Each line of the entries, from the first to the line containing "the guidebook to sociolinguistics（ PDF版）", is to be transcribed exactly as it stands; include no other lines.

▸ **DATA EXCERPTS**:
§ §
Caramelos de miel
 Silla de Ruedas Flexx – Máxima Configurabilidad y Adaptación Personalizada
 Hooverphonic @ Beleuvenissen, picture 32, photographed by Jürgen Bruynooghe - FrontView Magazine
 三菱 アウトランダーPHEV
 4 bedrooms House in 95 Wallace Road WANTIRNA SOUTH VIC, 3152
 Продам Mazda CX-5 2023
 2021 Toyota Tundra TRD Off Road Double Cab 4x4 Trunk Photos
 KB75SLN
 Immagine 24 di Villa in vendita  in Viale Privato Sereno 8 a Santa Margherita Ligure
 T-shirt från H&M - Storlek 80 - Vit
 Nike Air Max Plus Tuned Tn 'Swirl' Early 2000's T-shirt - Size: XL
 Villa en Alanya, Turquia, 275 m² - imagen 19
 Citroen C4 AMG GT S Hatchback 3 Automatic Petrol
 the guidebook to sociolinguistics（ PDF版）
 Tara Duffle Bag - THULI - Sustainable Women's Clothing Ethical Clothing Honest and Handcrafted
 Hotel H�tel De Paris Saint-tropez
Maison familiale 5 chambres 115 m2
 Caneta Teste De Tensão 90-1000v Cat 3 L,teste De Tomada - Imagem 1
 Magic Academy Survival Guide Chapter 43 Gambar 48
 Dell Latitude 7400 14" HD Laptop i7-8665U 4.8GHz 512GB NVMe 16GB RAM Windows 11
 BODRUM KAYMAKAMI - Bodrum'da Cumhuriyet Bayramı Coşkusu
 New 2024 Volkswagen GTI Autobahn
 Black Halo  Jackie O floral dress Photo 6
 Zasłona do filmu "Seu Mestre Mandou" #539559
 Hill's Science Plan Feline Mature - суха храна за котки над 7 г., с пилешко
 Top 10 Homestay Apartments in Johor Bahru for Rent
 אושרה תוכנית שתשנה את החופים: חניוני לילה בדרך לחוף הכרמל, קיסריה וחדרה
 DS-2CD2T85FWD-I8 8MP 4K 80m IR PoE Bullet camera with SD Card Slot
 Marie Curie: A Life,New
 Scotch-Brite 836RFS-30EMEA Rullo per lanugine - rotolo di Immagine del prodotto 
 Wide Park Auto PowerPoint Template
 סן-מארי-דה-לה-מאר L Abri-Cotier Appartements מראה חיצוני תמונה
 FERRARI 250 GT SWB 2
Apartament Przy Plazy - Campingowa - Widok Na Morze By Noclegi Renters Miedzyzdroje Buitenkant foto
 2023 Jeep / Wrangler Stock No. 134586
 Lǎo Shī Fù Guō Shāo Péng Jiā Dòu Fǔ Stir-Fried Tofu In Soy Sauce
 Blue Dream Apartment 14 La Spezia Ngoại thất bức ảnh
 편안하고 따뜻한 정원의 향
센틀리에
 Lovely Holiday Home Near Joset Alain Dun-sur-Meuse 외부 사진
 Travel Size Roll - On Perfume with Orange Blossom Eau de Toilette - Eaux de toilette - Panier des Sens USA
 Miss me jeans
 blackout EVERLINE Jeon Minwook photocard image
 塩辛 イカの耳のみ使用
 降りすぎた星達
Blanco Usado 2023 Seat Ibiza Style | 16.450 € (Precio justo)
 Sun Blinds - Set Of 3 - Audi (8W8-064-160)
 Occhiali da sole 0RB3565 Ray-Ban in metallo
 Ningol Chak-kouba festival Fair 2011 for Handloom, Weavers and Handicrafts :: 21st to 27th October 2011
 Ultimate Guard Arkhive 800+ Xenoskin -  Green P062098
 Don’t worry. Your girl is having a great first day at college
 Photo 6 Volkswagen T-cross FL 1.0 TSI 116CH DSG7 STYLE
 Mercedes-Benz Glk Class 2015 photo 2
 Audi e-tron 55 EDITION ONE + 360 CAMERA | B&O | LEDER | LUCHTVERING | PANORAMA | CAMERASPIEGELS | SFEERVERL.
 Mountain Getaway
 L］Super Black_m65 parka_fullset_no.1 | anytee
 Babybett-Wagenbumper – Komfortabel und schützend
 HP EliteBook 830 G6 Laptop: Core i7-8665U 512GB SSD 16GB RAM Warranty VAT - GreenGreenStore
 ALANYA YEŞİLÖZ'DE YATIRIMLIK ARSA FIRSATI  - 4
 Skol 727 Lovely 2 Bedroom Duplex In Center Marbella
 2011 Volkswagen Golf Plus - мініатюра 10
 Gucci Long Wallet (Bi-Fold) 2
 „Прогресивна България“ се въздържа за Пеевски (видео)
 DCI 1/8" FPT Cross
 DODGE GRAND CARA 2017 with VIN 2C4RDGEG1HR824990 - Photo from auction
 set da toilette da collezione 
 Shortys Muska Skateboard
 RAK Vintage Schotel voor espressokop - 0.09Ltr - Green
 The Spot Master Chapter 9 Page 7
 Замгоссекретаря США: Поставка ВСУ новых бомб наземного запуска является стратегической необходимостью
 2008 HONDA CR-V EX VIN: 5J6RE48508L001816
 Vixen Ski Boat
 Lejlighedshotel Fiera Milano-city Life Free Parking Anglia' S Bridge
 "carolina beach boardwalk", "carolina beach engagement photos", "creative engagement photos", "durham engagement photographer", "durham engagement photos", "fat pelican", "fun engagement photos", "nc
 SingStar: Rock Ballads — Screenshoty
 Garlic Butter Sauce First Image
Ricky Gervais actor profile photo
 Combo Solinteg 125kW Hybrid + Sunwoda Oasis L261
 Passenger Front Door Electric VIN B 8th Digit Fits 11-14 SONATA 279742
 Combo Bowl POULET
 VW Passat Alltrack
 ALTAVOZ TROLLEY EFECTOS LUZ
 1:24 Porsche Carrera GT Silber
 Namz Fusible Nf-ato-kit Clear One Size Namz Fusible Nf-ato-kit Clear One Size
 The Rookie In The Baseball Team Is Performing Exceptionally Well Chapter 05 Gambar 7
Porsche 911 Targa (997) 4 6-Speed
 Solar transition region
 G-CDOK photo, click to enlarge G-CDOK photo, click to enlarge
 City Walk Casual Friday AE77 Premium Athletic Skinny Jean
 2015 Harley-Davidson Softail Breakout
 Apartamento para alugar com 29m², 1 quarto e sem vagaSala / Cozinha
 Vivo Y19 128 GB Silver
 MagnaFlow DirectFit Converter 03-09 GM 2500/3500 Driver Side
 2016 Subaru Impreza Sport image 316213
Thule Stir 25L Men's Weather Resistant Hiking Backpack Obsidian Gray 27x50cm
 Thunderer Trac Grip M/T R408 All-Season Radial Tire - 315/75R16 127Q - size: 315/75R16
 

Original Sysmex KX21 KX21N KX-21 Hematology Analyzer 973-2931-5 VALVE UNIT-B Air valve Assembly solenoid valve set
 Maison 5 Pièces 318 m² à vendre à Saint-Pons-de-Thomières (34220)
§ §
▸ **ANSWER FOR THIS EXERCISE**:
Caramelos de miel
 Silla de Ruedas Flexx – Máxima Configurabilidad y Adaptación Personalizada
 Hooverphonic @ Beleuvenissen, picture 32, photographed by Jürgen Bruynooghe - FrontView Magazine
 三菱 アウトランダーPHEV
 4 bedrooms House in 95 Wallace Road WANTIRNA SOUTH VIC, 3152
 Продам Mazda CX-5 2023
 2021 Toyota Tundra TRD Off Road Double Cab 4x4 Trunk Photos
 KB75SLN
 Immagine 24 di Villa in vendita  in Viale Privato Sereno 8 a Santa Margherita Ligure
 T-shirt från H&M - Storlek 80 - Vit
 Nike Air Max Plus Tuned Tn 'Swirl' Early 2000's T-shirt - Size: XL
 Villa en Alanya, Turquia, 275 m² - imagen 19
 Citroen C4 AMG GT S Hatchback 3 Automatic Petrol
 the guidebook to sociolinguistics（ PDF版）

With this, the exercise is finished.